En este libro expongo al lector la ciencia del perro. Los científicos que trabajan en los laboratorios y en este campo, estudiando los perros trabajadores y los perros de compañía, han reunido una impresionante cantidad de información sobre la biología del perro —sus capacidades sensoriales, su conducta— y sobre la psicología del perro —su cognición—. A partir de los resultados acumulados tras cientos de programas de investigación, podemos empezar a elaborar una imagen del perro desde dentro —la habilidad de su hocico, lo que oye, cómo nos dirige la vista y el cerebro que está detrás de todo ello—. El trabajo sobre la cognición del perro incluye el mío propio, pero se extiende mucho más allá, hasta resumir todos los resultados de los estudios más recientes. Para algunos temas sobre los que aún no existe información fiable sobre los perros, incorporo estudios sobre otros animales que pueden ayudarnos a comprender también la vida del perro. (Para quienes tengan curiosidad por las fuentes originales de lo que aquí se expone al final del libro hay una completa relación de éstas.)

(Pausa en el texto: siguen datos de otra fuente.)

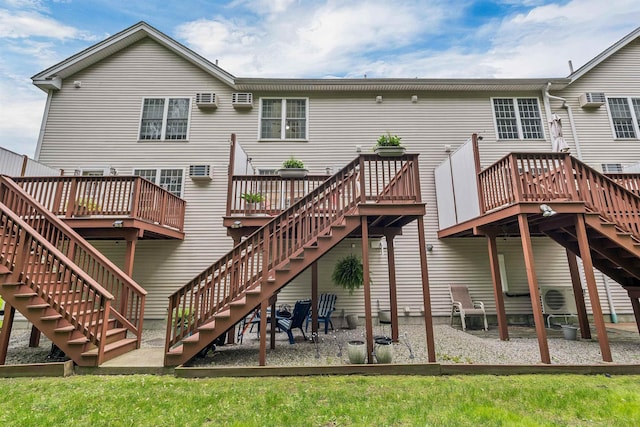 26 Eastwood Way, Manchester, NH 03109 - back of house featuring stairway, a wooden deck, and a wall unit AC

En nada perjudicamos al perro si soltamos la correa para alejarnos y observarlo desde una perspectiva científica. Sus capacidades y su punto de vista merecen una atención especial. Y el resultado es magnífico: la ciencia, lejos de distanciarnos de este animal, nos aproxima más a él, de modo que la naturaleza del perro puede maravillarnos todavía más. El proceso y los resultados de la ciencia, si se utilizan con rigor pero con creatividad, pueden arrojar nueva luz sobre lo que las personas comentan a diario acerca de lo que su perro sabe, entiende o cree. En mi viaje personal, al aprender a observar el comportamiento de mi propio perro de forma sistemática y científica, llegué a comprenderlo y a apreciarlo mejor, y a tener con él una relación también de mayor calidad.

Me he adentrado en el perro y he vislumbrado su punto de vista. El lector puede hacer lo mismo. Si tiene un perro a su lado en la habitación, lo que ve en esa espléndida y lanosa masa de naturaleza canina está a punto de cambiar.